Makefiles are great for parallelization, just call it with -j N and voilá, it'll spawn N threads running whatever it can in parallel. But be careful, some dependencies won't break when run in serial because of the time it takes between one task and the other. In parallel this time can be zero (if you have enough threads) so be extra careful to name your dependencies very explicitly.
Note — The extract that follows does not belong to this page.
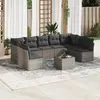 Image de vidaXL Salon de jardin 10 pcs résine tressée - Coussins gris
When you can split the file and analyse it in parallel (ie. syntax checkers) I bet you'd build your program using threads and syntax check one chunk on each thread, right? But what if you don't (want to?) have access to the syntax checker? Split the file and use make!
Splitting is easy but then, when you want to use the same Makefile for all splits (can be of any number of chunks), it's not easy to automate it using Makefile as “1 + 1” is not 2 in Make. Than you can do this:
$ make -j 10 -f split.make STEM=foo EXT=bar FILECOUNT=10 SPLIT=my_split_program CMD=my_syntax_check
and the Makefile like this:
# Creates a string "1 2 3 ... N"
ELEMENTS = $(shell for ((i=1;i<=$(FILECOUNT);i++)); do echo -n $$i' '; done)
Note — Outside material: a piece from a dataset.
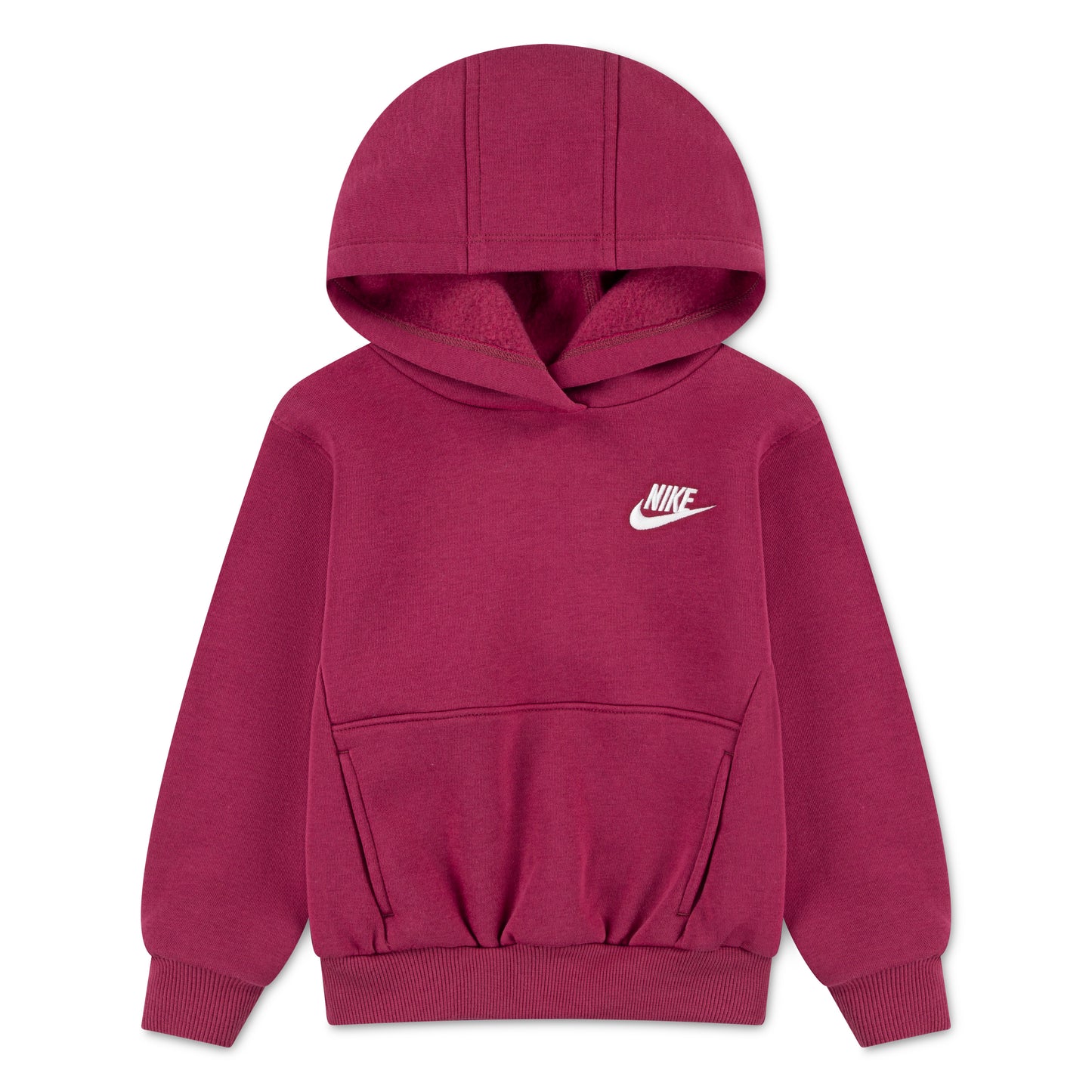 Hoodie - Nike fille bordeaux en coton polyester avec poche kangourou et capuche, vue de face.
# Creates a string STEM_1 STEM_2 ... STEM_N
STEMSPLIT = $(foreach suffix,$(ELEMENTS),$(STEM)_$(suffix))
all : $(STEM).$(EXT).out
# Copy all output files to overall output file
$(STEM).$(EXT).out : $(STEMSPLIT:=.$(EXT).out)
cat $^ > $@
# Run your program and save output
%.$(EXT).out : %.$(EXT)
$(CMD) $< > $@
# Split the files into chunks
$(STEMSPLIT:=.$(EXT)) : $(STEM).$(EXT)
$(SPLIT) $(FILECOUNT) $<
In order to get the whole output ($(STEM).$(EXT).out) you need the individual output files (%.$(EXT).out) generated by your program. Your program needs the chunks (%.$(EXT)) created by your splitter (use Unix split if you can) from the original file ($(STEM).$(EXT)).
PS: Remember, when cutting the Makefile from this page, transform all spaces into TABs of the Makefile wno't work properly.